El Turquito y el Gordo Pésimo se habían sentado uno frente al otro, también a la orilla del lago, sobre una piedra grande y achatada. El Turquito fue el primero en ver que la cara del Gordo se deformaba: sus facciones se movían, la boca y los ojos se agrandaban hasta casi alcanzar los márgenes del rostro, y las mejillas se contraían, mientras el color de la piel variaba hacia el gris. Los ojos del Gordo ya estaban muertos, ya eran dos agujeros; el color del pelo también fue variando hacia el gris. Horrorizado, de pronto el Turquito vio que estaba ya no frente a su amigo, sino frente a una calavera que lo miraba y aún era capaz de sonreírle. No solamente de sonreírle, sino hasta de reírse a carcajadas; porque ahora el Gordo Pésimo lloraba de la risa, cosa que horrorizaba aún más al Turquito, porque estaba frente a un muerto, un cuerpo en estado de podredumbre que se burlaba de él. No podía comunicarse con el muerto, pero el sólo hecho de escuchar su risa le helaba los huesos. El Turquito quería escapar de la mirada de la muerte, pero no podía moverse de donde estaba sentado. Tenía que ser capaz de mirar los ojos de la muerte y de destruir su mirada. Si escapaba en ese momento (si salía corriendo en dirección a uno de los autos, por ejemplo) la muerte se quedaría mirándolo. Y lo que era mucho peor: lo miraría desde atrás. Lo miraría a él, cuando él ya no iba a estar mirándola. Es decir: le daba a la muerte la oportunidad de estar atrás de él, de traicionarlo. Paralizado por el terror, el Turquito se quedó mirando en los ojos huecos de la traidora. Esos ojos que ofrecían una imagen ambigua: estaban ahí pero no estaban; lo miraban a él pero al mismo tiempo miraban al lago; lo acechaban pero no. Lo ignoraban pero no. “Cualquier cosa (pensaba el Turquito); puedo hacer cualquier cosa menos huir y darle la espalda”.
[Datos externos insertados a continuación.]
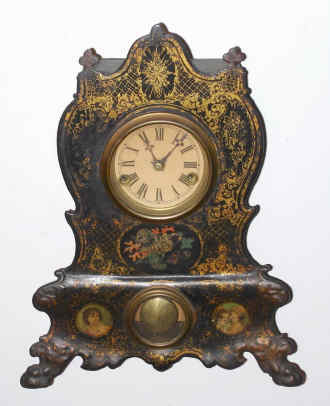 C.1855, Jerome and Co., New Haven, mini enameled iron front with gold stenciling, 30 hour t/s. — Antique Clocks Price Guide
La muerte (es decir: el Gordo Pésimo) volvió a cambiar lentamente de forma. De ver una calavera que fingía ojos lentos que lo miraban, ahora el Turquito pasó a ver frente a él los rasgos de un hombre-leopardo. Pero eran sólo rasgos, gestos que no terminaban de asentarse en una cara. Como si los gestos tuvieran la capacidad de existir sin la cara que los ejercía y les confería un ser. Rasgos y gestos que eran, por decirlo así, independientes de la cara de la muerte. La muerte era la muerte porque podía ponerse cualquier cara, cualquier gesto, como si se tratara de una careta. La muerte era un rostro abstracto, y todas las calaveras eran exactamente iguales. Era por eso que la muerte estaba escondida debajo de cada rostro, acechando el momento en que le diéramos la espalda, para saltar sobre nosotros como un leopardo. Recién ahora el Turquito comprendía que no había estado mirando dos imágenes distintas que se le confundían (la muerte - el leopardo), sino que se trataba de la misma imagen. La muerte no estaba nunca más allá, sino dentro de los cuerpos. No tenía ningún rasgo propio, pero tenía el poder de apropiarse de todos los rasgos que la habitaban.
Ahora todos estaban sentados o directamente acostados sobre la playa del lago. Ya no hablaban entre sí, sino que cada uno se comunicaba con su propio delirio.